Konflik ini memanas setelah warga mengetahui lahan yang mereka tempati turun-temurun, lengkap dengan girik dan sebagian Sertifikat Hak Milik (SHM), masuk dalam plotting perumahan yang tercatat sejak tahun 2000 dan diperbarui pada 2017. Yang membuat warga marah, mereka menegaskan tidak pernah menjual atau memindahkan hak tanah tersebut kepada siapapun.
“Masyarakat punya girik dan SHM. Tidak pernah ada transaksi!” seru Ketua Karang Taruna Karawang Barat, Eigen Justisi, dengan nada tinggi saat mendampingi warga dalam audiensi.

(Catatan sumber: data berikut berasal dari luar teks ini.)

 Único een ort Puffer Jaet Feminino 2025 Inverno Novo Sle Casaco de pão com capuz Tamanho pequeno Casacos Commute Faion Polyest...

Terhalang Saat Ajukan PTSL
Kemarahan warga mencuat setelah pengajuan Pendaftaran Tanah Sistematis Lengkap (PTSL) pada 2024 dihentikan oleh BPN. Alasannya: tanah warga dianggap tumpang tindih dengan plotting perusahaan.

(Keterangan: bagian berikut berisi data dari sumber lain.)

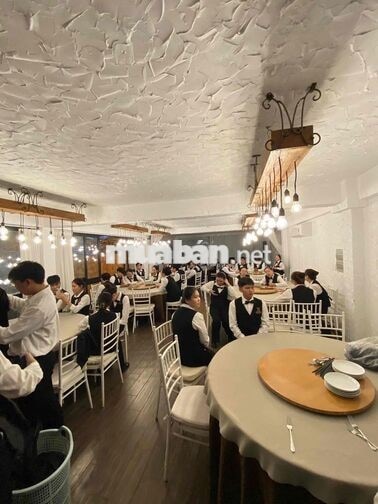 Tuyển dụng nhân viên phục vụ tiệc cưới Q7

Eigen menyebut pembaruan plotting tahun 2017 itu sebagai langkah “tidak resmi” yang tiba-tiba muncul namun diakui BPN, sehingga mengunci hak warga atas lahan mereka sendiri.
Dua Tuntutan yang Tak Bisa Ditawar
Dalam pertemuan yang berlangsung panas, warga melalui Eigen menyampaikan dua tuntutan mutlak:
1. BPN wajib memproses sertifikat warga melalui program PTSL, karena warga memegang bukti alas hak dan menguasai lahan secara fisik.
2. Menghapus plotting PT AM seluas sekitar 4 hektare, karena tidak didasari dasar hukum jual beli yang sah.
“Sertifikat berikan kepada masyarakat. Plotting perusahaan itu hapuskan. Jangan sampai tumpang tindih!” tegas Eigen.
Keresahan Soal Perumahan Mewah di Bantaran Citarum
Di tengah aksi, sejumlah warga juga menyampaikan kekhawatiran terkait pembangunan perumahan mewah di bantaran Sungai Citarum. Mereka menilai alih fungsi lahan itu berpotensi meningkatkan risiko banjir ke permukiman Poponcol, sementara tanah mereka justru mendapat perlakuan administrasi yang menyulitkan.
“Pengembang bangun perumahan buat orang kaya, tapi kita orang Poponcol malah dipersulit. Nanti kita yang kebanjiran,” keluh seorang warga.
Tak Akan Tempuh Jalur Pengadilan
Meski tensi tinggi, warga memilih tidak melanjutkan sengketa ini ke jalur hukum. Mereka hanya meminta penyelesaian administratif dari BPN.
“Kami tidak ajukan upaya hukum. Kami minta masing-masing diam di lahannya. Tanah, lahan, rumah masyarakat jangan diganggu,” pungkas Eigen.